Turns out that back in 1960, the government banned the use of sassafras roots, the main ingredient, after some testing suggested it might be a carcinogenic. The general consensus now, looking back, seems to be that this was overreacting* (a person would have to imbibe massive doses daily over a long period to suffer any harmful effects),** but on the better-safe-than-sorry basis the FDA ban is still in place. Which means that all root beer is brewed with substitutes, either artificial sassafras flavor or similar roots that take their place.

Given that I was only a little over a year old at the time, it seems likely that all the root beer I drank growing up falls on the artificial-sassafras side of this great divide. And checking the labels of all the ones we'd picked up in Puyallup (eleven different varieties from ten different brewers) it seems that they all use the substitutes as well.

This makes sense of something else that's puzzled me ever since I moved up to these parts. I used to love sassafras tea when I was in scouts, digging up my own and brewing it when on camp-outs and sometimes at home as well. When I moved out here and discovered tea shops -- whole shops devoted entirely to selling different varieties of tea, esp. The Tea Cup on Queen Anne Hill (gone but not forgotten) -- one of the first things I did was try to buy sassafras tea, with no success. I could sometimes find sassafras tea bags, but they brewed up a very weak and unsatisfactory tea. Eventually I was able to find some places that sold sassafras directly, not in tea-bags (e.g., down in Pike Place Market), but every time it turned out to be chopped up bark, not roots (the roots being where all the flavor is, and the bark having an unpleasant aftertaste) -- which is kind of like eating corn silks rather than corn.

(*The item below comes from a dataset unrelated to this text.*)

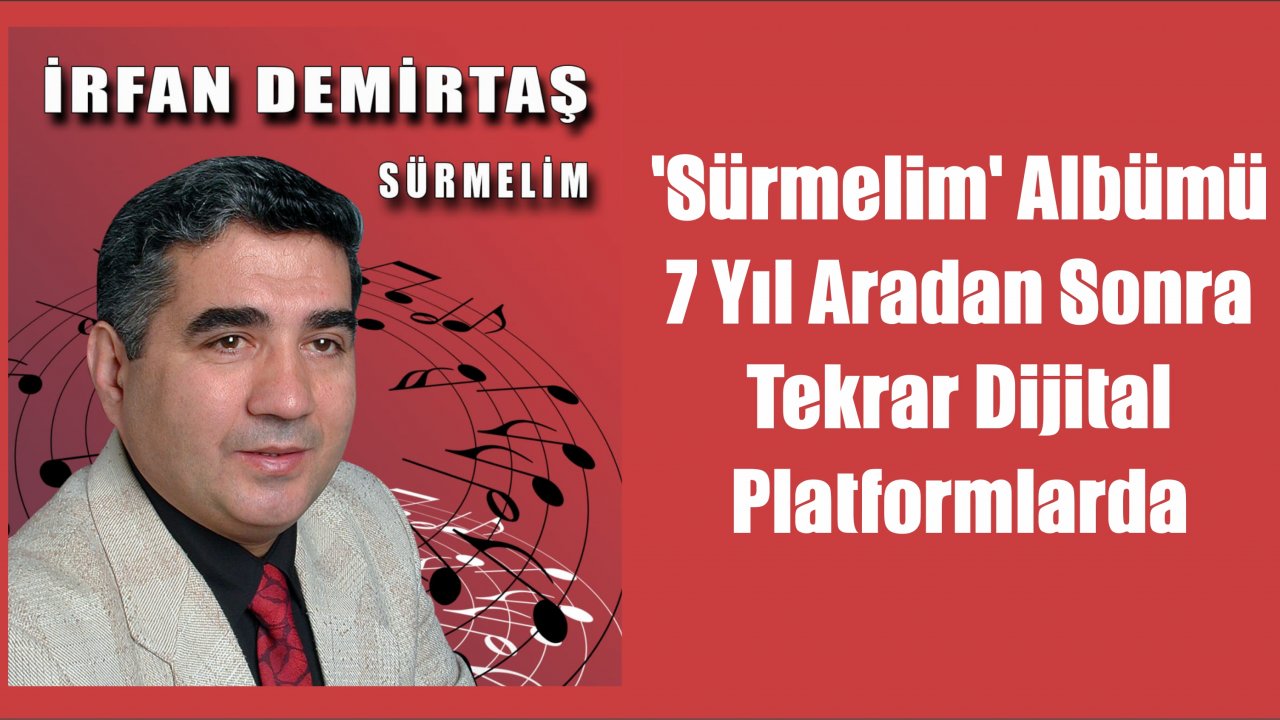 ‘Sürmelim’ Albümü 7 Yıl Aradan Sonra Tekrar Dijital Platformlarda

Now I finally understand why I haven't been able to find good, tea-worthy sassafras, and why the chopped bark substitute is so ubiquitous.

But then I thought: there's this thing called the internet. Maybe there are folks out there who live down south and sell the real thing, sassafras root?

And the answer turns out to be: why yes, there are.

So I've now ordered a small batch of sassafras roots. If they're the real thing I'll know it by the sight (and smell) of them.

When they arrive there will be much tea-making, and either joy, great joy or lamentations bitter and heartfelt. We'll see.

--John R.

tonight's cup: organic Yunnan Black from The Silk Road tea company (all organic, all artisan teas)
tonight's music: The Art of McCartney (on vinyl). tonight's song: Eleanor Rigby, by Alice Cooper.


*see, for example, this little bit on the subject by Dr. Weil, who believes it harmless in moderation:
http://www.drweil.com/drw/u/QAA401052/Sassafras-Tea-Safety.html

**one online source estimated you'd have to drink twenty-four gallons of root beer a day to match the dosage that produced ill effects in lab rats in the 1960 test.  Needless to say, that ain't happening.